MATERIAL TO PROCESS Start Marker

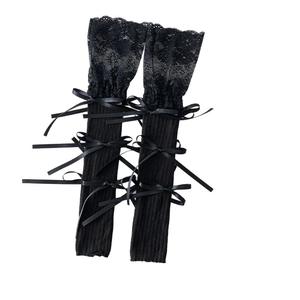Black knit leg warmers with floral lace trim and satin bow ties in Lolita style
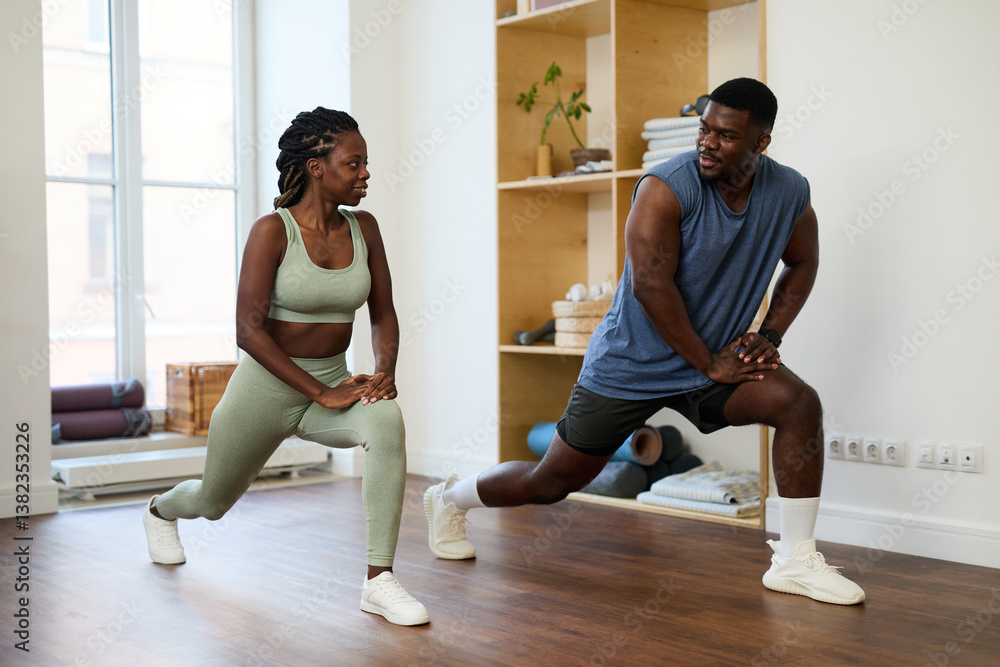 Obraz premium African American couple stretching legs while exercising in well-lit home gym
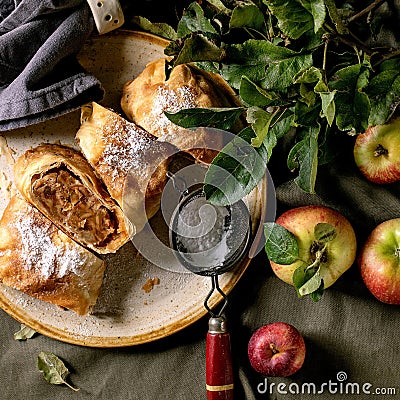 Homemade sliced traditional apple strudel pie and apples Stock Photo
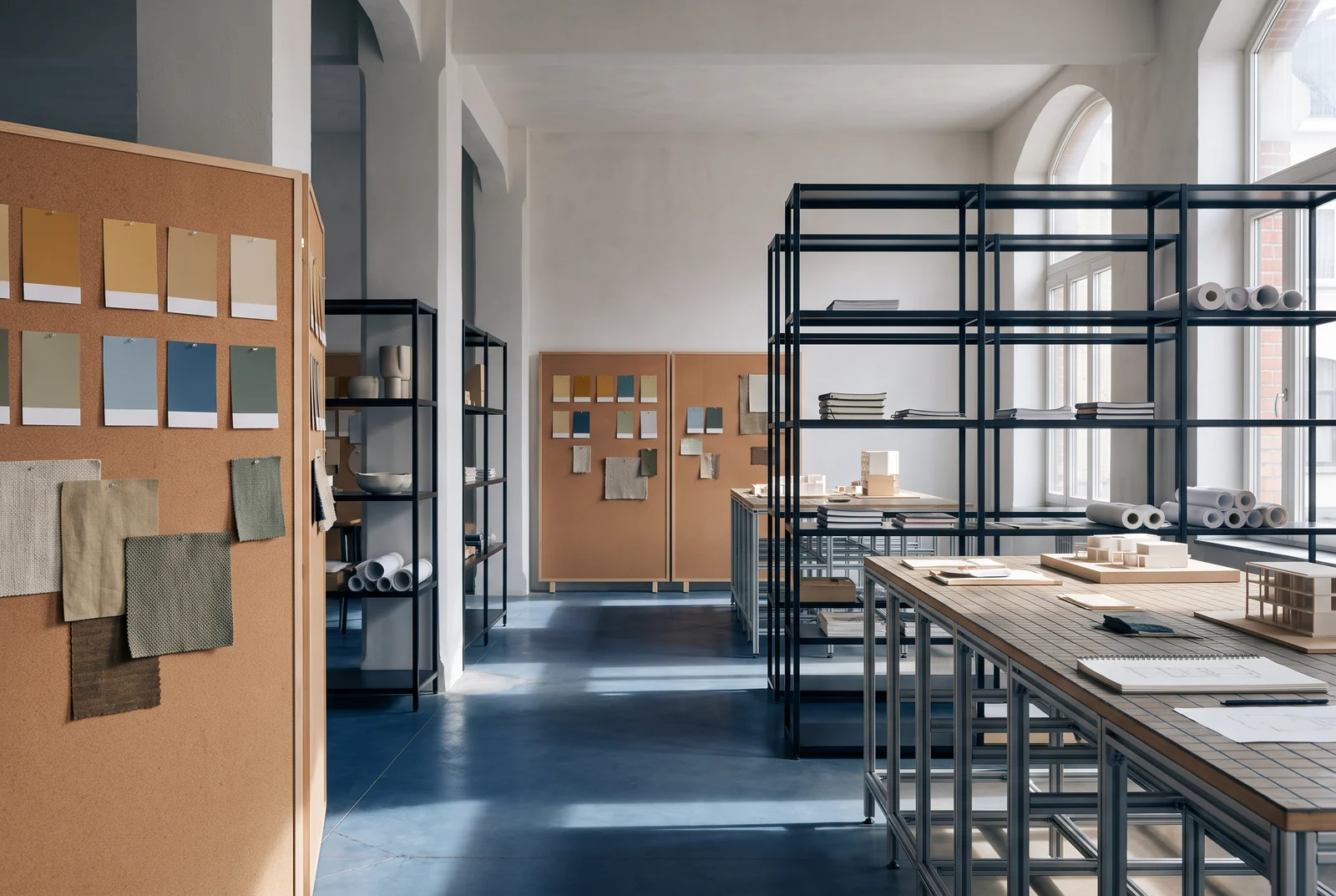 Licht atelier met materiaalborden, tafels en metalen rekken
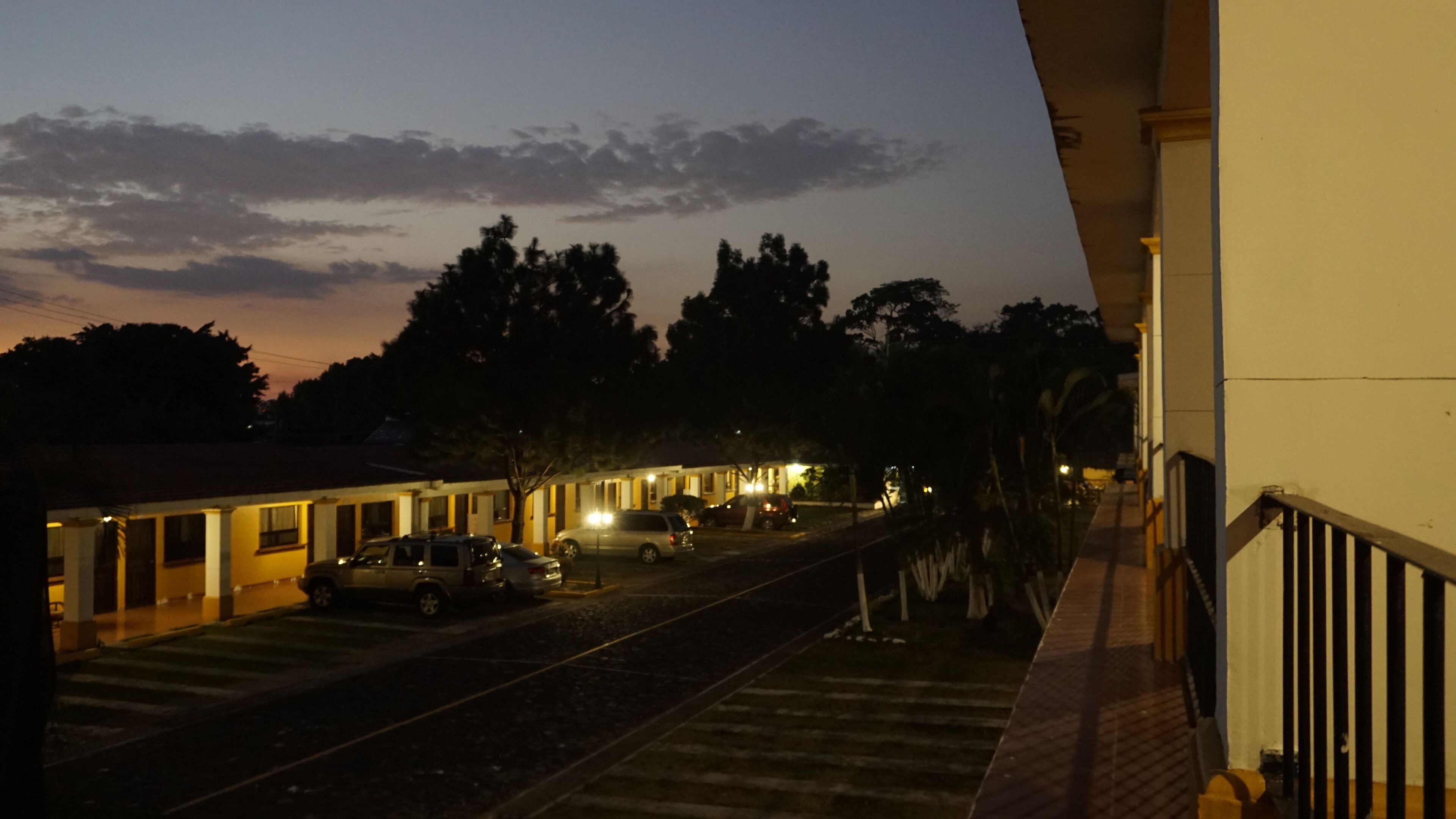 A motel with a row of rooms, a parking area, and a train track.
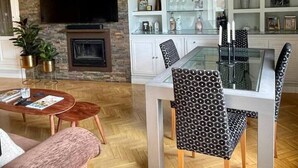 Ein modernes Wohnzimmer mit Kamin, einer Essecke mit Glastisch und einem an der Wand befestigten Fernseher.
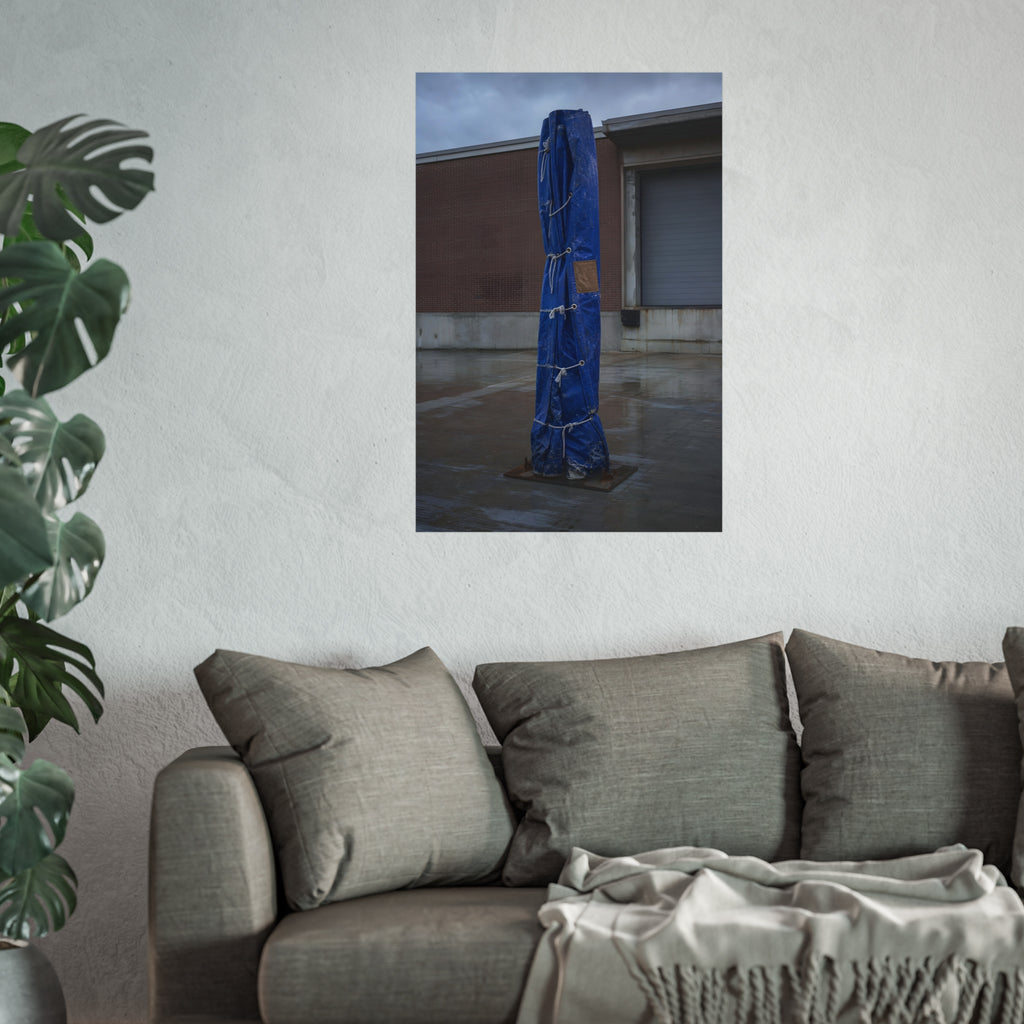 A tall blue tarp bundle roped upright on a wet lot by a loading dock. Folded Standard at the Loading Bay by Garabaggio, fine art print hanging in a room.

MATERIAL TO PROCESS End Marker

● **BRIEF**: The records need to be restated word for word, minus any images.

● **WORKED SOLUTION**:
Black knit leg warmers with floral lace trim and satin bow ties in Lolita style
 Obraz premium African American couple stretching legs while exercising in well-lit home gym
 Homemade sliced traditional apple strudel pie and apples Stock Photo
 Licht atelier met materiaalborden, tafels en metalen rekken
 A motel with a row of rooms, a parking area, and a train track.
 Ein modernes Wohnzimmer mit Kamin, einer Essecke mit Glastisch und einem an der Wand befestigten Fernseher.
 A tall blue tarp bundle roped upright on a wet lot by a loading dock. Folded Standard at the Loading Bay by Garabaggio, fine art print hanging in a room.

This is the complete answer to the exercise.